After Jesus had washed their feet, had put on his robe, and had returned to the table, he said to them, “Do you know what I have done to you? You call me Teacher and Lord–and you are right, for that is what I am. So if I, your Lord and Teacher, have washed your feet, you also ought to wash one another’s feet. For I have set you an example, that you also should do as I have done to you. Very truly, I tell you, servants are not greater than their master, nor are messengers greater than the one who sent them. If you know these things, you are blessed if you do them.
John 13:12-17
I really don’t know why I came to Bill Withers’ music relative late. It’s possible that I missed out on his most creative period in the early 1970s because I was just a baby. Withers himself came to music relatively late, having his first hit record with “Ain’t No Sunshine” at 32. Almost his Jesus year. And if you are wondering, yes, it is that “Ain’t No Sunshine,” a song I usually associate with The Neville Brothers.
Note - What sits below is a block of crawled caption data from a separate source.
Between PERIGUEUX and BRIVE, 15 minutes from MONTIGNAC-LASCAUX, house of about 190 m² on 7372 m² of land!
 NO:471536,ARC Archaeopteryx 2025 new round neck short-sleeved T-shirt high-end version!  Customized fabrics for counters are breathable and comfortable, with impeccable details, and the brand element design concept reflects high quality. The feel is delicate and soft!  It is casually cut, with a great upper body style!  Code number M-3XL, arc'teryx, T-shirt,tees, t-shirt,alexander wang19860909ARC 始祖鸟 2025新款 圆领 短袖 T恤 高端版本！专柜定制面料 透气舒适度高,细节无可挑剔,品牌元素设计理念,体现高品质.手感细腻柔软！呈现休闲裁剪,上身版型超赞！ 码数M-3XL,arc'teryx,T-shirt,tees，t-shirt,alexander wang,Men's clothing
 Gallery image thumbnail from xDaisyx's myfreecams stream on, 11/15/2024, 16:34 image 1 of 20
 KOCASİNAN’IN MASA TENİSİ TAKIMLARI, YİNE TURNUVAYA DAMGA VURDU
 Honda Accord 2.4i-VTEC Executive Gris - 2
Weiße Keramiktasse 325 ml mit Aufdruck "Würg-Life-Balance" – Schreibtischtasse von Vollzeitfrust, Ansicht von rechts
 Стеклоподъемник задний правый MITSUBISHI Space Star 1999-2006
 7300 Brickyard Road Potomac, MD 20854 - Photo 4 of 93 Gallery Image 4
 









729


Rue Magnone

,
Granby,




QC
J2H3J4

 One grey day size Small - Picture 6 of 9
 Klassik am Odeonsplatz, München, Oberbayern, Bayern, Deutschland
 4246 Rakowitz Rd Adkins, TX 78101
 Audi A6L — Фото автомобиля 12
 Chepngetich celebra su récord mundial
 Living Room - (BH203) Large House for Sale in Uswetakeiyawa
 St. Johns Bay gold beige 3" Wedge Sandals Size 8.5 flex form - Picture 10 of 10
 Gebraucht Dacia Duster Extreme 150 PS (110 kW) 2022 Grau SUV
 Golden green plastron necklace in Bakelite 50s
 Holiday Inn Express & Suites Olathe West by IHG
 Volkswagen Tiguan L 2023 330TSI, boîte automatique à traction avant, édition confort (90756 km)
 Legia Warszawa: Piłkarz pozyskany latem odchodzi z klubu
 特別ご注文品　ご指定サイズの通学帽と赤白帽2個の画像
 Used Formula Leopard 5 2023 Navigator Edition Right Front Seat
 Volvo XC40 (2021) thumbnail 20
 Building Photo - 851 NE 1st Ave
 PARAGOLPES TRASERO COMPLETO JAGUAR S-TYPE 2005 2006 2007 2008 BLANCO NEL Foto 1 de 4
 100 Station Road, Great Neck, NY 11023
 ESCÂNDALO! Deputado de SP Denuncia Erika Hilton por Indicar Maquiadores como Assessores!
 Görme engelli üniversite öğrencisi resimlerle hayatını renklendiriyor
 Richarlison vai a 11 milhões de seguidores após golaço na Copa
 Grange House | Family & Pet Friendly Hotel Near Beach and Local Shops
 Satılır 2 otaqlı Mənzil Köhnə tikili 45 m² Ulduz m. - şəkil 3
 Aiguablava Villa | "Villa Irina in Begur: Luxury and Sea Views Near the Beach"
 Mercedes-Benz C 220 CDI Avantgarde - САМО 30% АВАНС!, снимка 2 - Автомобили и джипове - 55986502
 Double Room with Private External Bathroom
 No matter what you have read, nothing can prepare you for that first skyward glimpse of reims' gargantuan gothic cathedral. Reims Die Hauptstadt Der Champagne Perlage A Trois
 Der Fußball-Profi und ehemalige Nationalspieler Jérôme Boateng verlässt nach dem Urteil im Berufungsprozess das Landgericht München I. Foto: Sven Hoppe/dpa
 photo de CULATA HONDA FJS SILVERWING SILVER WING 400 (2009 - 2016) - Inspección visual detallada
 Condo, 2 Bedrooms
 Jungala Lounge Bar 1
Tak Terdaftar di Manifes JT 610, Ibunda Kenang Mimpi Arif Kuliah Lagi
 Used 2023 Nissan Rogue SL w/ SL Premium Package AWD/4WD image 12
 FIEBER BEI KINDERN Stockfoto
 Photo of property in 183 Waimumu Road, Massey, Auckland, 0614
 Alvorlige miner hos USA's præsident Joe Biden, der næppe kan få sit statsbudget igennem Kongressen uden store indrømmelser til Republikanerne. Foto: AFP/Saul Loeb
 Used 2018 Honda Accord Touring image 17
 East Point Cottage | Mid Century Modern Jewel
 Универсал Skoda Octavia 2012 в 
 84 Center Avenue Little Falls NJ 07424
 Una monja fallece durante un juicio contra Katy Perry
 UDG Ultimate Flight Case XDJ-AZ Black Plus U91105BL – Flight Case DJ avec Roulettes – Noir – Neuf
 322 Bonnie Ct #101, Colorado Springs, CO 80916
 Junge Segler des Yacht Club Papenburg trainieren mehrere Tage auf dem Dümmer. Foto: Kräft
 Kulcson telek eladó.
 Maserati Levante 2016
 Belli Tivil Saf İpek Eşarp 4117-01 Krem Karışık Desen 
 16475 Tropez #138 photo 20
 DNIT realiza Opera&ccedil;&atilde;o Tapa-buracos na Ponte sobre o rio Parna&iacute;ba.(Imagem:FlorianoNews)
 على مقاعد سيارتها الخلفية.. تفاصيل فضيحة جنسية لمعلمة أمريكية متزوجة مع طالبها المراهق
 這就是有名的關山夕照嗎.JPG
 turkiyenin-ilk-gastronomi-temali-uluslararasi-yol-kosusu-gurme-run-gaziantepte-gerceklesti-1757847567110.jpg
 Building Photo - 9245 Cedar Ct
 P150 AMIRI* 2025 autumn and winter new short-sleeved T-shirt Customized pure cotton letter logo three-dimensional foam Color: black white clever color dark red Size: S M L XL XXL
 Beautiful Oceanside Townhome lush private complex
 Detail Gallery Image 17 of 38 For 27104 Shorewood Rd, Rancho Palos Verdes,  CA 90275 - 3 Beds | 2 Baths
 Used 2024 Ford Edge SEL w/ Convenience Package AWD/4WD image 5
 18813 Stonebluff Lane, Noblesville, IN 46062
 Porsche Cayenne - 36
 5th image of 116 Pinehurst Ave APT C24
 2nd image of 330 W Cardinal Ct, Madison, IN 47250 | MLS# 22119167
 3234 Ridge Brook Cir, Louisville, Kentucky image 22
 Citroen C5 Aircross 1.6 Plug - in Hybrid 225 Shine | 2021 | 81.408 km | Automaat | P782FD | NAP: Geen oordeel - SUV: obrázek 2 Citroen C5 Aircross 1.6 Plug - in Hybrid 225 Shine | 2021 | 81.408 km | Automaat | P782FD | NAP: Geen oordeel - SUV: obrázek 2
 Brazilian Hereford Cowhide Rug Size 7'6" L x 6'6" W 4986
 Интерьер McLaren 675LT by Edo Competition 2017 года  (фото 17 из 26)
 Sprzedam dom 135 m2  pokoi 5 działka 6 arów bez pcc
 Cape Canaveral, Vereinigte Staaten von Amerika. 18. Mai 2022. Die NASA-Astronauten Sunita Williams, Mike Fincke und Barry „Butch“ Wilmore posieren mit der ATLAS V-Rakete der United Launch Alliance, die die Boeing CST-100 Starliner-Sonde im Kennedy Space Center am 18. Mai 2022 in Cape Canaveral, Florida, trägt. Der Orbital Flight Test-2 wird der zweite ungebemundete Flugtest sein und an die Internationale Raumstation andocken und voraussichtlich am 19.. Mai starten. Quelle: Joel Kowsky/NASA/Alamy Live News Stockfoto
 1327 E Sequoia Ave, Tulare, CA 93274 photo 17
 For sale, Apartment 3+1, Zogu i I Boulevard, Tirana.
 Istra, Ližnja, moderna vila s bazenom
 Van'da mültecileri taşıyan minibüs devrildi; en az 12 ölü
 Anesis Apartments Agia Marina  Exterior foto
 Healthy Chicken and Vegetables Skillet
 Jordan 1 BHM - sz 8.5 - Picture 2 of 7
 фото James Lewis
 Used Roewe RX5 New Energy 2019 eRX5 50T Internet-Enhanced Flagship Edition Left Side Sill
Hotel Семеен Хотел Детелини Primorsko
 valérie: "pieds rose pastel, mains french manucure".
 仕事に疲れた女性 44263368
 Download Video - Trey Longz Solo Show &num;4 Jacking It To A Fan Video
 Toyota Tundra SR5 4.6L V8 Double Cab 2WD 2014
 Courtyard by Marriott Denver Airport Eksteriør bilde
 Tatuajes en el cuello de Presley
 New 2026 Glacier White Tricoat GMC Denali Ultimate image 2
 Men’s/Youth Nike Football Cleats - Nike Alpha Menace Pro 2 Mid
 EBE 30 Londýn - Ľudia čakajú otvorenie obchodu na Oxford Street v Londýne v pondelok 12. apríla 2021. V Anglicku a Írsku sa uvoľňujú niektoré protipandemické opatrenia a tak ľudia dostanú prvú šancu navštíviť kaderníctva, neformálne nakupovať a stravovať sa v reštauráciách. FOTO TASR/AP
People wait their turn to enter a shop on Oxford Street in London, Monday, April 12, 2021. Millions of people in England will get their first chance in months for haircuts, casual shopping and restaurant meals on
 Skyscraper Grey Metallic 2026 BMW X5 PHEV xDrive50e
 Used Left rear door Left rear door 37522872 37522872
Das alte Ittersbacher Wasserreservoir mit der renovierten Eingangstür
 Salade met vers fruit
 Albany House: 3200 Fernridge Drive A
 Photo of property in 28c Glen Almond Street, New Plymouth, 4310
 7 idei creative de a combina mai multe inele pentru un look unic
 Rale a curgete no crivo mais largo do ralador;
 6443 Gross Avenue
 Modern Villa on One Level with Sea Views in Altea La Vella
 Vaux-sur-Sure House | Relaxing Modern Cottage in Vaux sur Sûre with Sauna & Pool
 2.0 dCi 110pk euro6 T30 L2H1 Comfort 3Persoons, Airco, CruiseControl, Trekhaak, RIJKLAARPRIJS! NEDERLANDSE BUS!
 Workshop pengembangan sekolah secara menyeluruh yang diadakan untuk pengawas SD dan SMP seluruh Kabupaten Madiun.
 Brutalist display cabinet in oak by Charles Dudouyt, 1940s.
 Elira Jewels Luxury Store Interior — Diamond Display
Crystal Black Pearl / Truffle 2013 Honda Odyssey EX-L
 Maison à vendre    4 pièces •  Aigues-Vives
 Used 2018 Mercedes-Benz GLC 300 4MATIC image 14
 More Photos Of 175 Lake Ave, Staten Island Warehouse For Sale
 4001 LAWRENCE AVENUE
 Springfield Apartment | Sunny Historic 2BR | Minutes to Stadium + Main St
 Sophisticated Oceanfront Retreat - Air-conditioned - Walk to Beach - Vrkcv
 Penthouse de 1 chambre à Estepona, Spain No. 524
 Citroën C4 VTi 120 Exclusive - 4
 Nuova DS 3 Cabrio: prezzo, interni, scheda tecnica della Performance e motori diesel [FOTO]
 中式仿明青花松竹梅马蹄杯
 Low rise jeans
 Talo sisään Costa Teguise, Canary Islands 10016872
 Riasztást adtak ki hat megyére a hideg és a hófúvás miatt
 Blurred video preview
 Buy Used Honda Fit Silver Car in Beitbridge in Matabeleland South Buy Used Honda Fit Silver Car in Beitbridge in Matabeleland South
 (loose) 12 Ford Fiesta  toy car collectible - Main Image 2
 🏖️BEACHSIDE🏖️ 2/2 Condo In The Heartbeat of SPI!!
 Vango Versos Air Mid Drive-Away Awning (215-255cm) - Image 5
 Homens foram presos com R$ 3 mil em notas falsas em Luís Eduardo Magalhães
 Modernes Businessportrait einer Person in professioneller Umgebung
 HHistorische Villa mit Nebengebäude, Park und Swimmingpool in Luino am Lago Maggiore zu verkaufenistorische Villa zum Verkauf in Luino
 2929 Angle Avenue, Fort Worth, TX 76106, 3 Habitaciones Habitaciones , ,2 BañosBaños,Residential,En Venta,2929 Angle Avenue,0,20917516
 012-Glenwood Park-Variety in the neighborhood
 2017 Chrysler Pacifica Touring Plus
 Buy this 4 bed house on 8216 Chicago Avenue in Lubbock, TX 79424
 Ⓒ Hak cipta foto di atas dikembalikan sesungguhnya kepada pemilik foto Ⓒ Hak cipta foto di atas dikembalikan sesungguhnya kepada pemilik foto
There’s also “Lean On Me,” which was a big hit song for Club Nouveau in 1986 and an even bigger movie with Morgan Freeman and Robert Guillaume in 1989. (For the record, I spelled Mr. Guillaume’s name correctly before I looked it up. BENSON FOREVER!) Bill Withers also wrote “Just the Two of Us,” “Lovely Day,” and plenty of extraordinary songs that have gone relatively unacknowledged.
After ten years in the music business, Withers declined to renew his recording contract with Columbia Records because he was tired of being told how to record songs that would sell. He wanted to record songs that sounded good. This decision effectively ended his career in music, but in the 2009 documentary “Still Bill,” he did not seem to have any regrets.
Maybe it was the perspective of a performer who was relatively mature when he got his start, or maybe it was the experience of having grown up in Slab Fork, West Virginia that prevented Withers from being seduced by the trappings of fame. In his 1973 live recording at Carnegie Hall, Withers tells the story of being put in charge of caring for his grandmother at age 5. I suspect this arrangement may have been more of an honorary position, a way for young Bill to accept the watchful eye of his grandma. It did have the practical effect of allowing him to learn the ways she contributed to the care of an isolated Appalachian community. If the song has any basis in reality, his grandmother’s strong but gentle set of hands were the kind that could hold eternal hope in a moment of shattering despair.
We can only guess where she learned to do that, but as a churchgoer, she would certainly have been familiar with Jesus’s decision to use his hands to hold his disciples in a moment of crisis. The act of washing feet is so personal and so intimate that it still makes us uncomfortable. (Consider the conversation in the movie Pulp Fiction about the propriety of giving another man’s wife a foot massage.) Jesus’s action is so evocative that Peter initially refuses, relenting only when Jesus threatens to kick him out of the band.
Peter has to allow himself to be vulnerable to Jesus, to trust Jesus with his scaly, hairy, stinky feet. By not drawing back in revulsion or taking the opportunity to tickle Peter, Jesus gives an example of what it means to be present and trustworthy when another person is taking a risk. It is like teaching a five year old in Slab Fork, West Virginia that his grandmother’s hands will always be there to catch him, to soothe him, to pick him up when he falls. That kind of assurance is certainly worth more than all the gold records that Columbia can produce.